By Bart Boehlert
Photos by Joseph Coscia, Jr., Courtesy of the Frick Collection
A favorite pastime of New Yorkers has long been spending an afternoon in the Gilded splendor of the Frick Collection located on Fifth Avenue at 70th Street, in the former mansion home of Henry Clay Frick. There, visitors enjoy viewing Old Master paintings in a lavish domestic setting complete with sumptuous 18th-century furniture, carpets, decorative arts, and objects that Mr. Frick collected. That mansion is now closed and undergoing a two-year-long renovation and expansion designed by the firm Selldorf Architects.
In a stunning quick change, the refined masterpieces of the Frick Collection have moved five blocks north into the former Whitney Museum at Madison Avenue and East 75th Street, finding themselves temporarily housed in a modern, Brutalist Bauhaus building of rugged concrete designed by Marcel Breuer.
“Frick Madison offers the rare opportunity to view our collections in completely new light and in fresh juxtapositions,” said Ian Wardropper, the Anna-Marie and Stephen Kellen Director of the Frick Collection at the press preview.
Now displayed within the cubic building's minimal, spartan setting are paintings, refined sculptures, bronzes, clocks, and rugs. The sharp edges of grey walls contrast with the richness of the artworks, and, as at the Frick, there are no textual wall labels, so visitors download an app for information about each piece.
The collection is organized geographically, with Northern European painting displayed on the second floor. A rare treat is a small room where three luminous Vermeers depicting quiet domestic life hang on three facing walls, seemingly reflecting each other.
One floor above, Italian and Spanish paintings are presented. This floor also includes a porcelain room, its grey walls covered with ornately decorated porcelains from different eras. Striking black Chinese porcelain vases decorated with colorful florals stand on one wall, while another features pretty pink-and-white porcelains that are a mix of German, Austrian, and Chinese in origin.
On the fourth floor are the French and English masters including the Impressionists, which are the most modern works in the Frick Collection. Shown for the first time all together are the 14 paintings which make up The Progress of Love series by Fragonard, four of which were commissioned by Madame du Barry, the last mistress of King Louis XV. In a striking contrast, some of these frothily rosy pictures are hung next to a stark, modern, trapezoidal Breuer window that reveals the brick buildings of Madison Avenue across the street.
Frick Madison is the result of two great American art benefactors.

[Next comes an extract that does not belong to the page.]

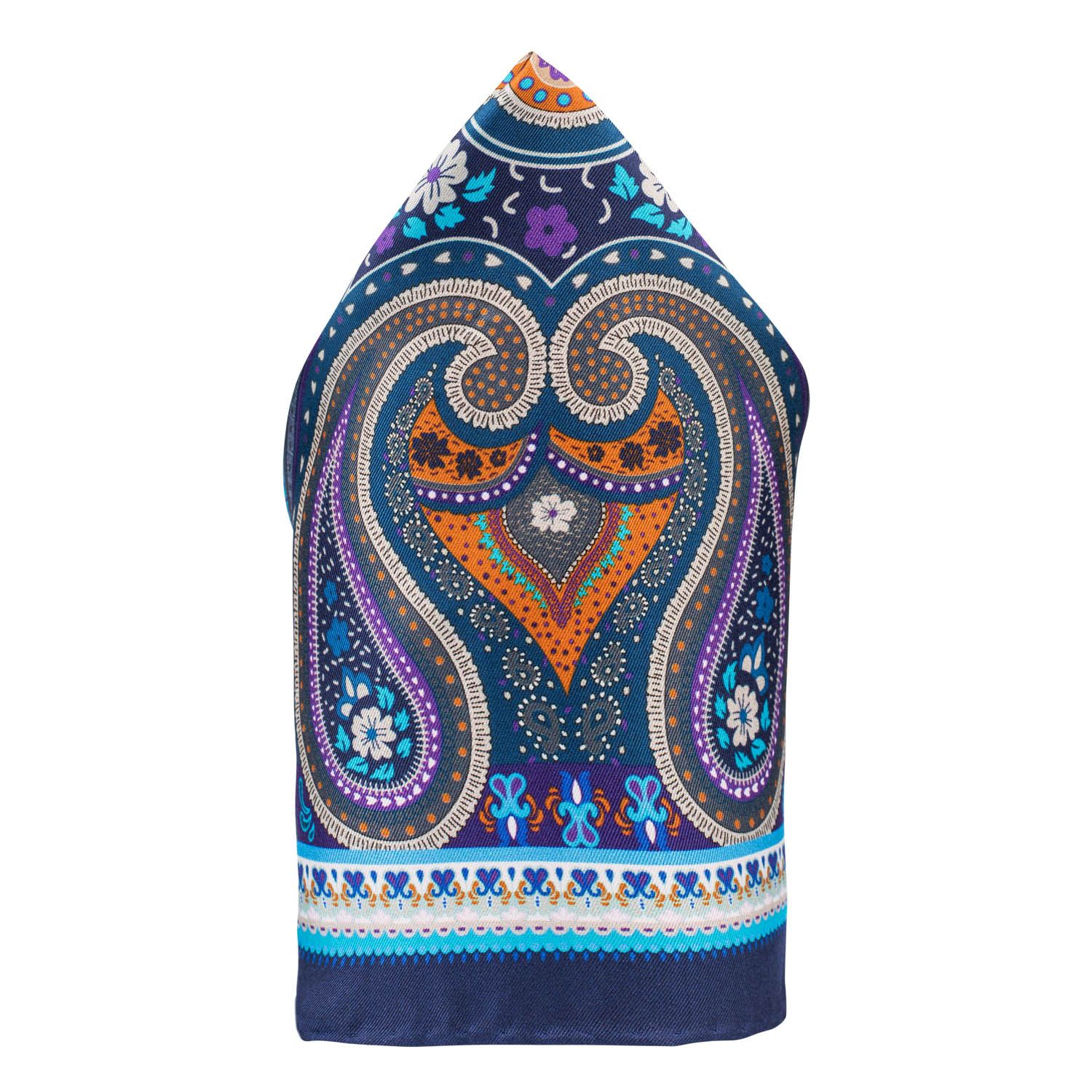 Blue Paisley Italian Silk Pocket Square for Men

Heiress and sculptor Gertrude Vanderbilt Whitney (1875-1942) established the Whitney Museum of American Art in 1930 with a mission to collect and display the work of living American artists. In 1963, the museum commissioned Hungarian-born Bauhaus architect Marcel Breuer to design its modern building, which housed the Whitney until 2015 when it moved to a spacious new Renzo Piano design in the Meatpacking District. After that the building was briefly the site of a branch of the Metropolitan Museum of Art called Met Breuer.
Its subsequent vacancy now provides a temporary home for the collection of Henry Clay Frick, the Pennsylvania-born industrialist who assembled one of the great private art collections at the turn of the last century. He decreed that upon his death, his Carrère and Hastings-designed Beaux Arts mansion would be open to the public. As that building now undergoes renovation, Frick Madison offers the best of New York, marrying the old and the new.
This inventive installation was organized by the Frick’s curatorial team led by Xavier F. Salomon, Deputy Director and Peter Jay Sharp Chief Curator, with Curator Aimee Ng, Assistant Curator for Sculpture Giulio Dalvit, and former Curator of Decorative Arts Charlotte Vignon, along with the Frick’s exhibition designer Stephen Saitas and Selldorf Architects.